I certainly observe some pretty far out people. There is no denying that there's a good deal of irrational and pitiable behavior a lot of the time. There are also some rather extraordinary-looking people who quite often placid and unremarkable in their behavior. One such would be an African-American lady I frequently see on the bus in Oakland. She grabs one's attention not merely by trailing a large beaver tail of clumped hair behind her but also by festooning every stray strand of her hair-do with garish color. Her mane is seemingly woven with any colored yarn or tin foil or kite-tail she can obtain. Add to this her piece-de-resistance--her facial make-up. Remember those old art supply store favorites--oil paint crayons or cray-pas? They were able to spread a thick strongly colored impasto on a canvas-board or what have you. Imagine taking them and drawing black Groucho eye-brows, blue-green eye-lids, red-orange lips and purple cheeks and add eyeglasses. Wow, what an effect.

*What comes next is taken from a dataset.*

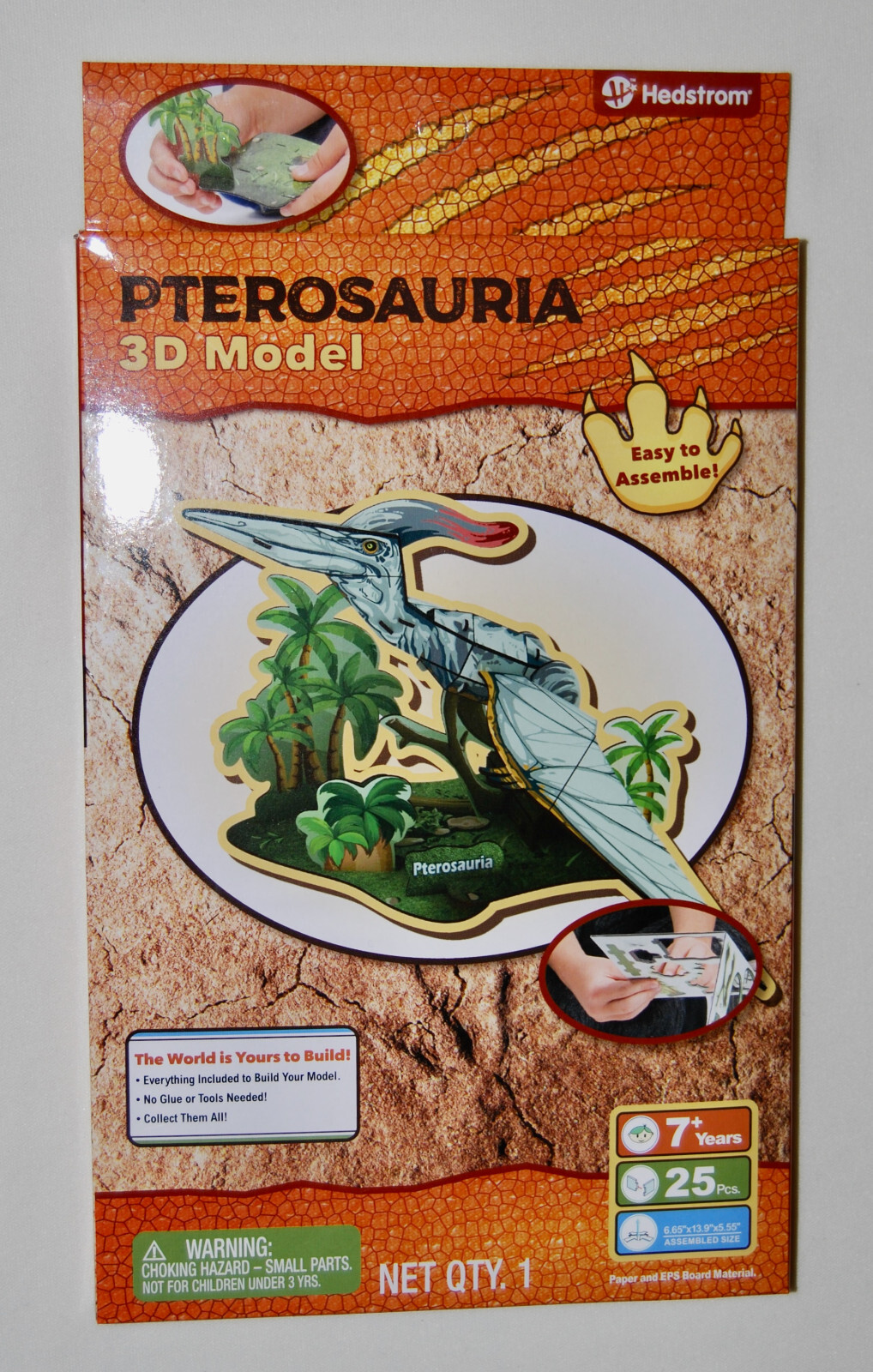 NIB Hedstrom Dinosaur 3-D Model Kit Ages 7+ Pterosauria 25pc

Forget those drag-clowns and the  perpetually indulgent fake nuns with outlandish make-up. This lady has them all beat square.
I've exchanged a couple of words with her at a bus shelter and I would love to ask her to take her picture. But so reluctant am I conceivably to offend her dignity by asking, or to exploit her for on-line smirking, I probably never would.

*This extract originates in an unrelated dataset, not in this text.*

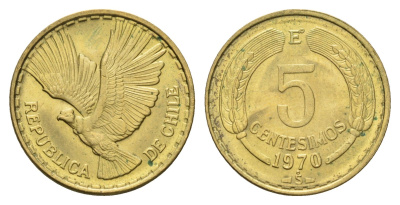 Чили 5 сентесимо 1970 KM 190 алюминиевая бронза UNC 4688-254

A BART train coming into Oakland stopped at the19th street station. I was sitting facing front in the second row on the car. A white-collar black guy occupied the sit in front of me maybe sitting next to someone from his work. A young black woman boarded the car and stood for  a moment in the space used by bike-riders, none of whom were there at the moment.

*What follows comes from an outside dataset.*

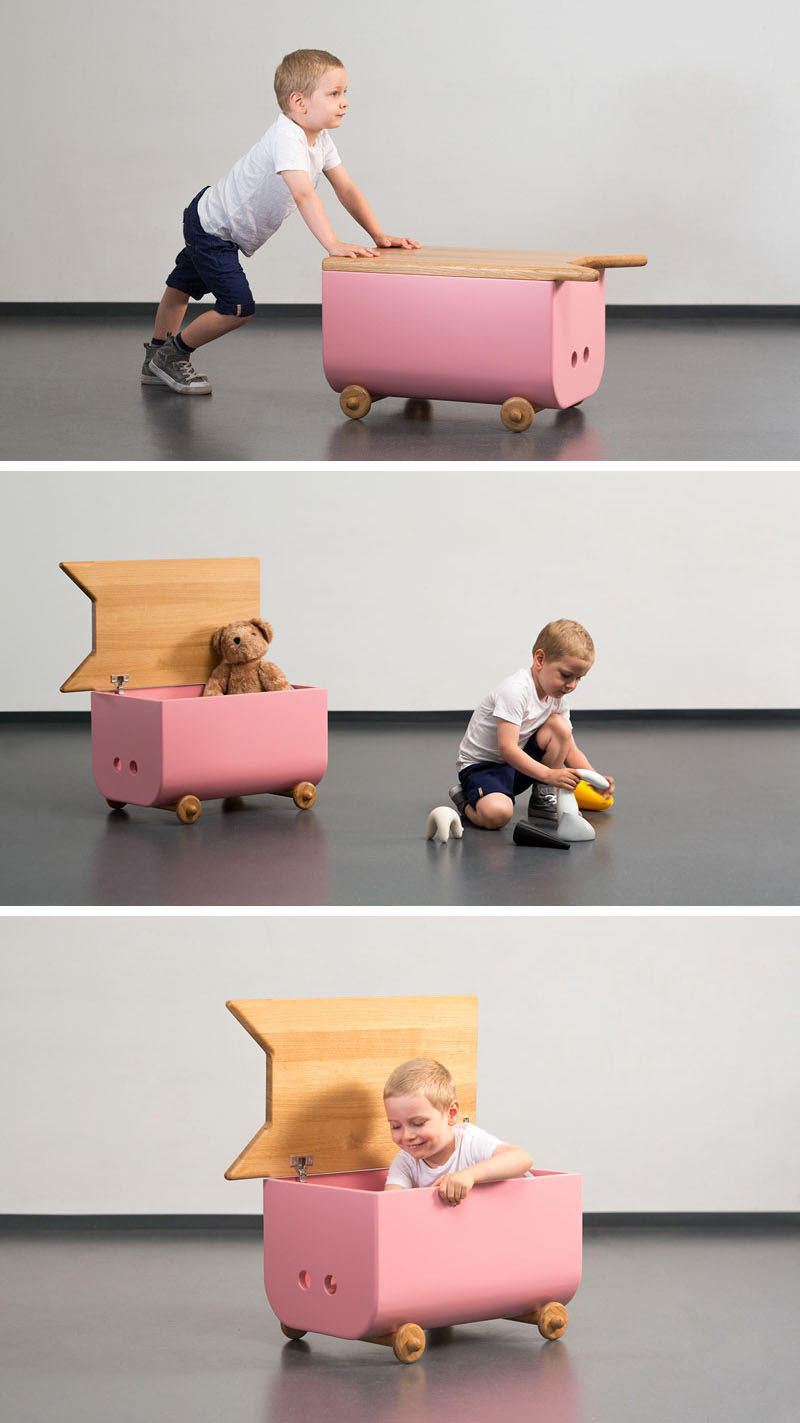 This collection of modern kids furniture in the shapes of farm animals can also be used as toys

She wasn't especially oddly dressed -- a touch of Cinderella in her finery. What caught my attention immediately were the two nearly life-size cardboard cut-out figures she was transporting. They appeared to be hand-made with lots of added glitter. One of them seemed to be an unmistakable representation of Michael Jackson the other maybe was a female character I missed. Maybe she was returning from some sidewalk skit she had just performed or going to some sort of pageant.
Here I begin my confession that I am frequently overtaken but what Edgar Allen Poe called the Imp of the Perverse. It was past the late afternoon hour sentimentally associated with the enjoyment of cannabis and I certainly was at that moment.
Indulging really only my own sense of humor but of course perhaps also aware that others might get the joke, I began to whistle the old hit-parade perennial, "I'm Going to Buy A Paper Doll That I Can Call My Own." I'd heard it on the radio not long ago and I can generally whistle tunes quite accurately anyway.
The bourgeois black guy sitting in front of me and closer to the paper-doll lady apparently recognized the tune and bursts out laughing. The poor lady knows he laughs at her and she kind of sniffs out that he's laughing because I whistled whatever it was. He turned around to look at me too, the goof.
I'm a little ashamed of myself. My humor is dedicated to the ridicule of the vanities of the smug and successful, not to making fun of some poor lady with tenuous control of her marbles.
 She found a seat just then and could forget the guy still chuckling. And the snide whistling guy who slunk off the train at the next stop, a lesson learned.